CONFIDENTIAL TREATMENT REQUESTED Third Amendment to the Research and Development Collaboration and License Agreement
Third Amendment to the
Research and Development Collaboration and License Agreement
This is the third Amendment (hereinafter “Third Amendment”) to the Research and Development Collaboration and License Agreement between Bayer Pharma AG, a company formed under the
laws of Germany, having a place of business at Xxxxxxxxxxxxxx 000, 00000 Xxxxxx, Xxxxxxx (hereinafter: “BAYER”) and Compugen Ltd, a company formed under the laws of Israel, having a place of business at 00 Xxxxxxxx Xxxxxx, Xxxxx 0000000, Xxxxxx
(hereinafter: “Compugen”) effective as of 5 August 2013, as amended on February 5, 2014 and on July 27, 2015 (hereinafter: the “Agreement”).
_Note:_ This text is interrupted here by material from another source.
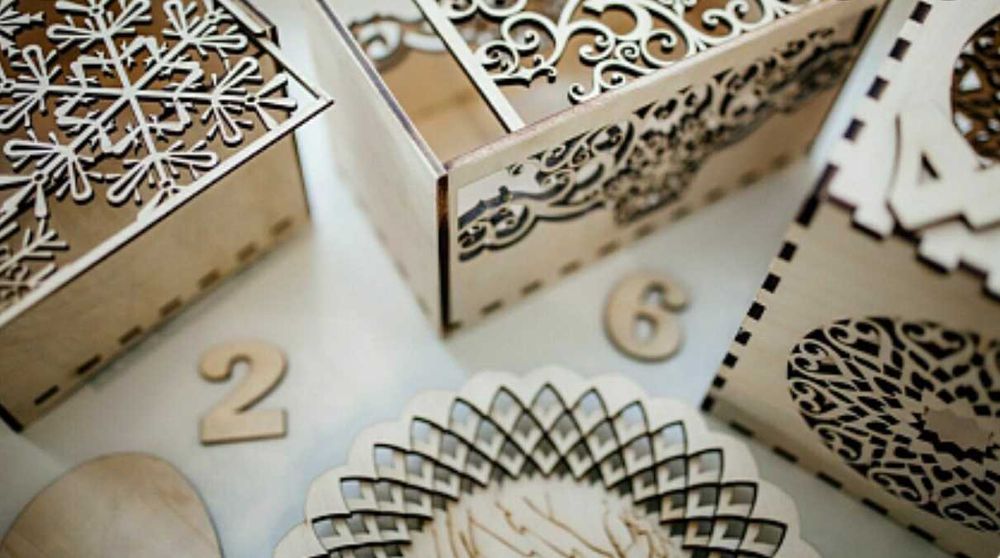 Лазерная резка и гравировка фанеры,акрила,дерева,картона,коже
WHEREAS, the Parties wish to amend Exhibit 1.3 specifying the Bayer Development Process; and
WHEREAS, the Parties wish to amend the Agreement to revise certain milestone [***] as a result of the amended Exhibit 1.3, all in accordance with the terms and conditions of this
Third Amendment.
NOW THEREFORE IT IS AGREED AS FOLLOWS:
1. | The Parties agree to replace Exhibit 1.3 of the Agreement by Exhibit 1.3 attached to this Third Amendment, describing the “Bayer Development Process”. |
2. | The following language shall be added to the end of Section 0.0.0.0: |
“, except that solely with respect to [***] such milestone payment shall be [***] US Dollars ($[***]);”
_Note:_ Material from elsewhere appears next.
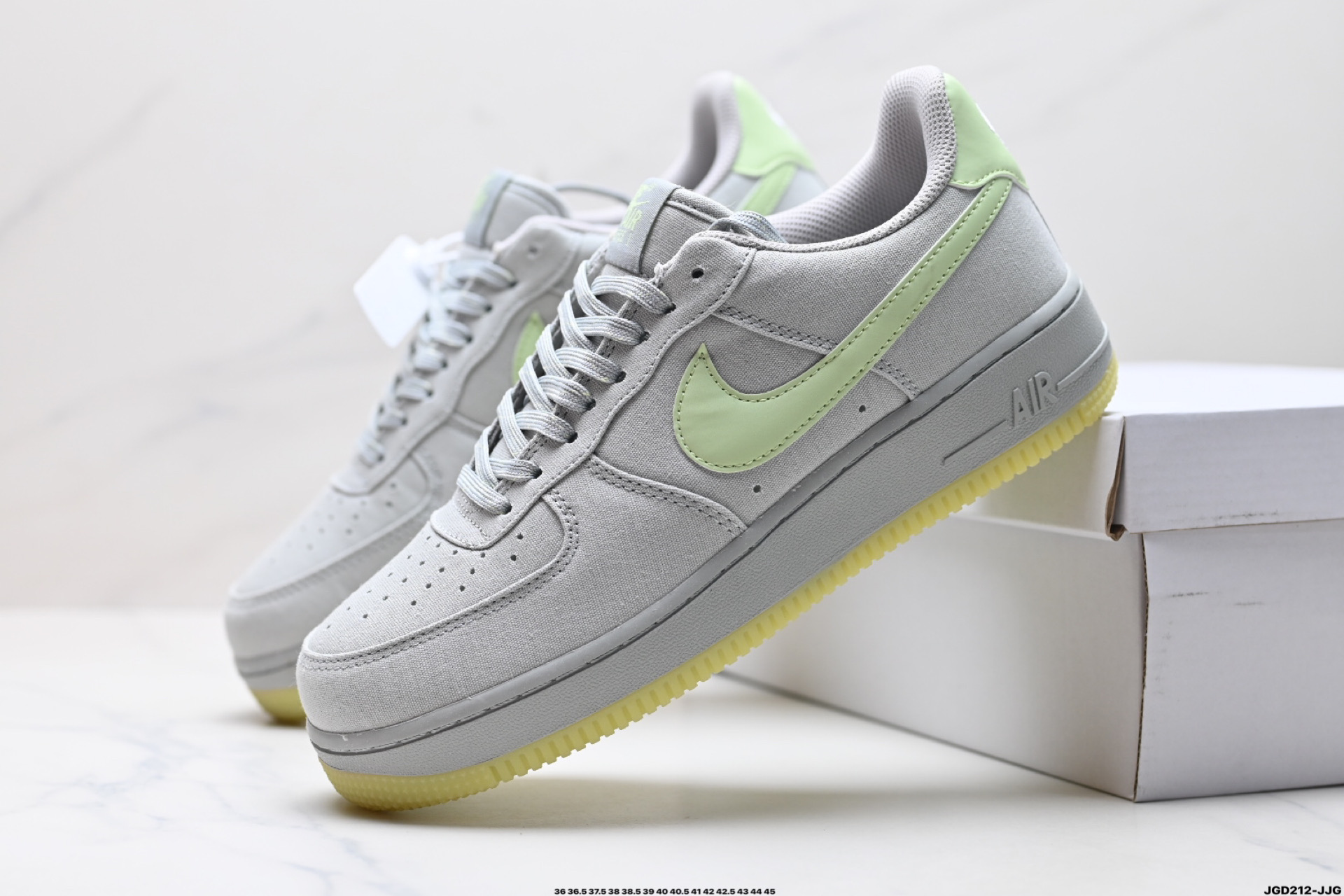 NIKE AIR FORCE 1‘07   BQ8988-108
3. | The following language shall be added to the end of Section 0.0.0.0: |
‘”, except that solely with respect to [***] such milestone payment shall be [***] US Dollars ($[***]);”
4. | This Third Amendment shall become effective on the date this Agreement is signed by the last of the Parties to sign it. |
5. | All capitalized terms used herein shall have the meaning set forth in the Agreement. Except as expressly amended pursuant to this Third Amendment, all other terms and conditions of the Agreement shall remain in force unchanged and apply to this Third Amendment. |
Certain information in this document, marked by [***], has been omitted pursuant to Item 601(b)(10)(iv) of
Regulation S-K under the Securities Act of 1933, as amended, because it is both (i) not material and (ii) would likely cause competitive harm to the registrant if publicly disclosed.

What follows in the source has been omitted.